(WHAT NEEDS TO BE DONE):
Write out the entries below exactly, but only from the line containing "Mercedes W211 Yağ" through the line containing "Thumbnail: 2026 RAM 1500 - 11", and without the pictures.

(INPUT MATERIAL):
------
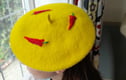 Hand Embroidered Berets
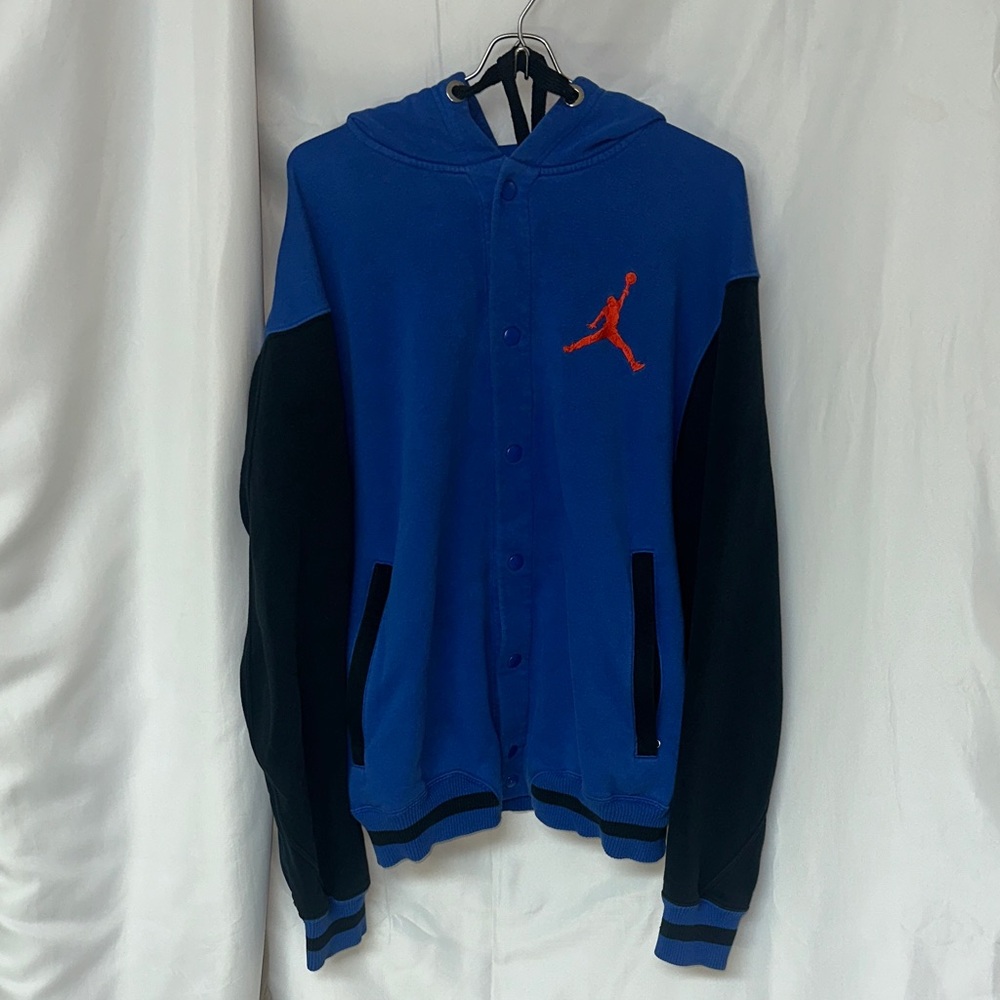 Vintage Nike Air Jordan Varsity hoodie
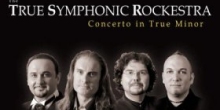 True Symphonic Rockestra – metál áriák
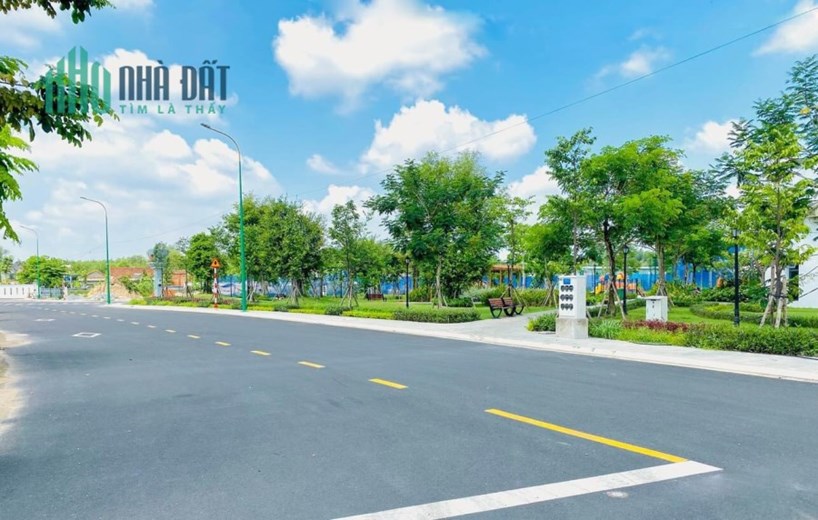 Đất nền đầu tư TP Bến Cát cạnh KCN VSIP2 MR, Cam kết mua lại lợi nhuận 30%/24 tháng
------
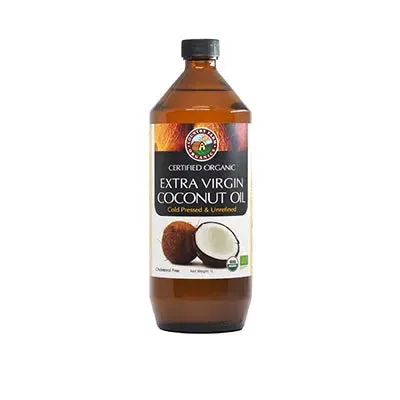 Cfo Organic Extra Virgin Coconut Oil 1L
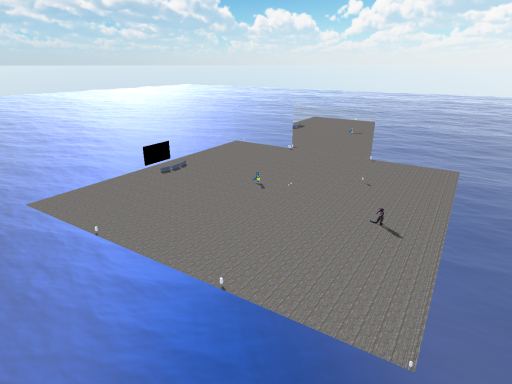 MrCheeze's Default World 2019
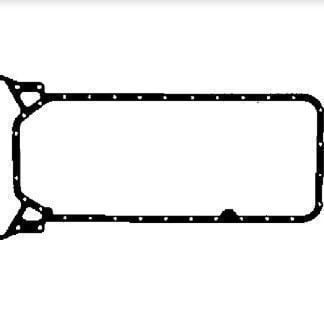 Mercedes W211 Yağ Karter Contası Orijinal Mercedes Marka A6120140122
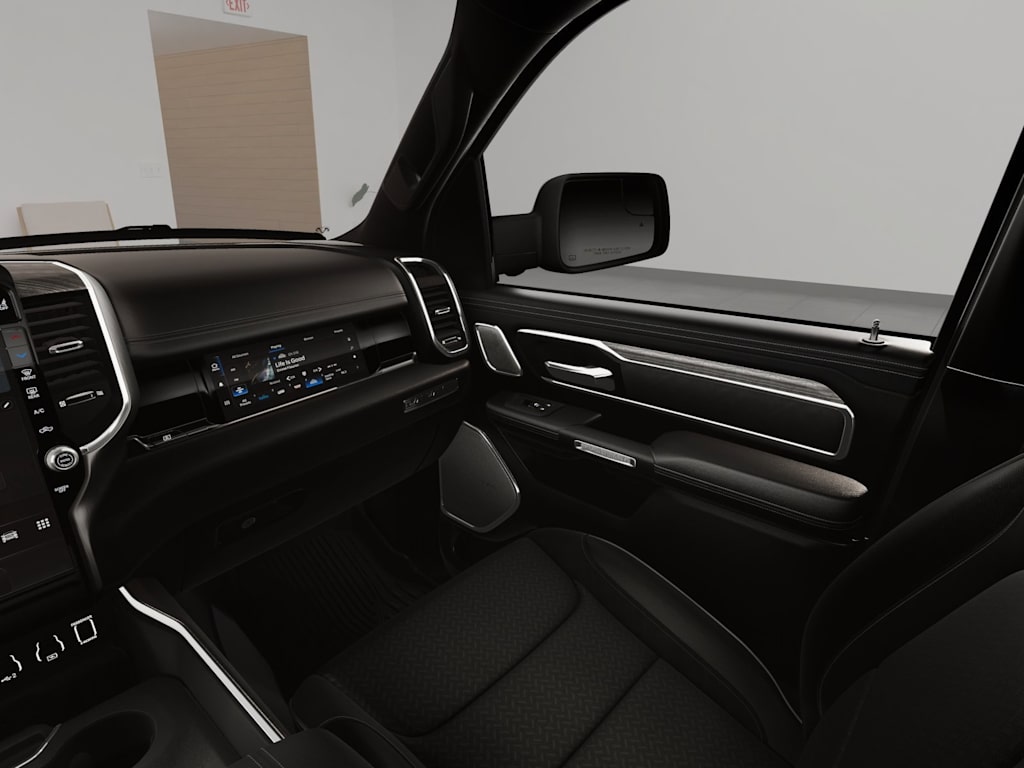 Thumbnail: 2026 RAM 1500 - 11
------
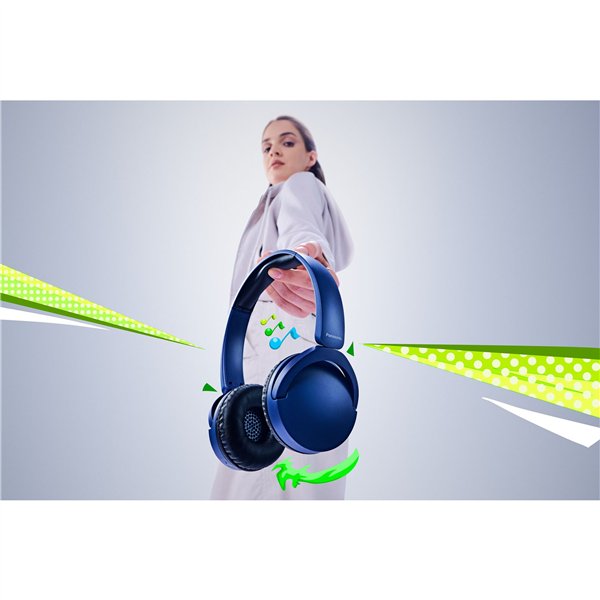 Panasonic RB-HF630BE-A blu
------
(EXPECTED ANSWER):
 Mercedes W211 Yağ Karter Contası Orijinal Mercedes Marka A6120140122
 Thumbnail: 2026 RAM 1500 - 11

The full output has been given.